Ошеломленный доктор пробормотал:
— Это точно?
— Я провел целый день в парижских мэриях. Навел справки по книгам записи актов гражданского состояния, расспросил двух нотариусов, видел все документы. Никаких сомнений быть не может.
— Но все это никак не объясняет преступление, серию преступлений…
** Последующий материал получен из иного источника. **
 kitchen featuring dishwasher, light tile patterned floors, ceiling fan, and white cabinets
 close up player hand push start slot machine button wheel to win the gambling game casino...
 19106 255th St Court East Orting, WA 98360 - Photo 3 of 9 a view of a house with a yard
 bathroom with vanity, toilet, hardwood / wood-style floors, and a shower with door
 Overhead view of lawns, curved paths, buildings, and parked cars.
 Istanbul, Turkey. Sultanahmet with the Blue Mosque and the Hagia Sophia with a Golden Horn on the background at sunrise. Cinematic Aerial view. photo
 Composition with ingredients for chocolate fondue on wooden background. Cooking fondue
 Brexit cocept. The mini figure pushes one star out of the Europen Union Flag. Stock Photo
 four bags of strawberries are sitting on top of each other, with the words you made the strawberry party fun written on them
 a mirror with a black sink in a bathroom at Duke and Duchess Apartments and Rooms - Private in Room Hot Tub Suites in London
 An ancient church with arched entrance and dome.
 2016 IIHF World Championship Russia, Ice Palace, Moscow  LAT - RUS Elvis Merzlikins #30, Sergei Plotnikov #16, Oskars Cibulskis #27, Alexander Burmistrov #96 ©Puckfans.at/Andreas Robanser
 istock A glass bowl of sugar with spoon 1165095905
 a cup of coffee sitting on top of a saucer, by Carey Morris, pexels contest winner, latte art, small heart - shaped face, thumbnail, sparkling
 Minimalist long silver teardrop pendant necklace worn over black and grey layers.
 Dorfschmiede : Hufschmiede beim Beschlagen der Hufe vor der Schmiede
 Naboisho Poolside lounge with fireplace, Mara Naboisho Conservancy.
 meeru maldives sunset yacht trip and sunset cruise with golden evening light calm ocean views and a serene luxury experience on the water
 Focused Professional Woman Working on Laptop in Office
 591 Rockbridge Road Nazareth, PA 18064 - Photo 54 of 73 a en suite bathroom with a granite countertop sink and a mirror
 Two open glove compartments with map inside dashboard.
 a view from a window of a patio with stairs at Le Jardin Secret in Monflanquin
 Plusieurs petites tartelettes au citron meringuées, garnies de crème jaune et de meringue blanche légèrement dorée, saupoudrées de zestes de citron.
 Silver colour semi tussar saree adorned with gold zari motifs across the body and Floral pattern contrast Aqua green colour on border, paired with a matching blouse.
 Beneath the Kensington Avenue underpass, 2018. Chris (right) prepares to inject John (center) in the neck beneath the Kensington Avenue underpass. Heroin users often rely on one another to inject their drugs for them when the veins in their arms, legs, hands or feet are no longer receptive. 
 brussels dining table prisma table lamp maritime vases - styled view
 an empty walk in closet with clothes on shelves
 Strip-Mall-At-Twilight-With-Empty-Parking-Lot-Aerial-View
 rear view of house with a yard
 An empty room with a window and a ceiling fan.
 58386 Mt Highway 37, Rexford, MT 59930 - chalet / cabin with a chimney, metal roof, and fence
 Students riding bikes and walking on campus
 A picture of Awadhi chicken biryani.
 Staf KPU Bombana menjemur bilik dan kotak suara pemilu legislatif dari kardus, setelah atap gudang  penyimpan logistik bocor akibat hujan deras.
— Конечно, — заметил Люпен, — но в самом начале, когда я впутался в это дело, одна фраза мадемуазель Дарсье натолкнула меня, в каком направлении нужно вести поиски. Она сказала: «Мне еще не исполнилось пяти, когда умерла мама. Это было шестнадцать лет назад». Значит, мадемуазель Дарсье должно исполниться двадцать один год, то есть она станет совершеннолетней. И я сразу увидел в этом одну крайне важную деталь. Когда человек достигает совершеннолетия, ему должны дать отчет относительно его финансового положения. А как обстояли дела с состоянием мадемуазель Дарсье, прямой наследницы своей матери? Разумеется, я в тот момент и не подумал об ее отце. К тому же господин Дарсье притворялся немощным, лежачим, больным…
— Он действительно болен, — прервал Люпена доктор.
— Все это выводило его из-под подозрения, да и притом я считал его самого объектом покушений. Но нет ли среди их родственников кого-то, кто был бы заинтересован в их смерти? Поездка в Париж открыла мне глаза. Мадемуазель Дарсье унаследовала от матери огромное состояние, которым распоряжался ее отчим. В следующем месяце в Париже у нотариуса должен состояться семейный совет. Правда выйдет наружу, и для господина Дарсье это будет крах.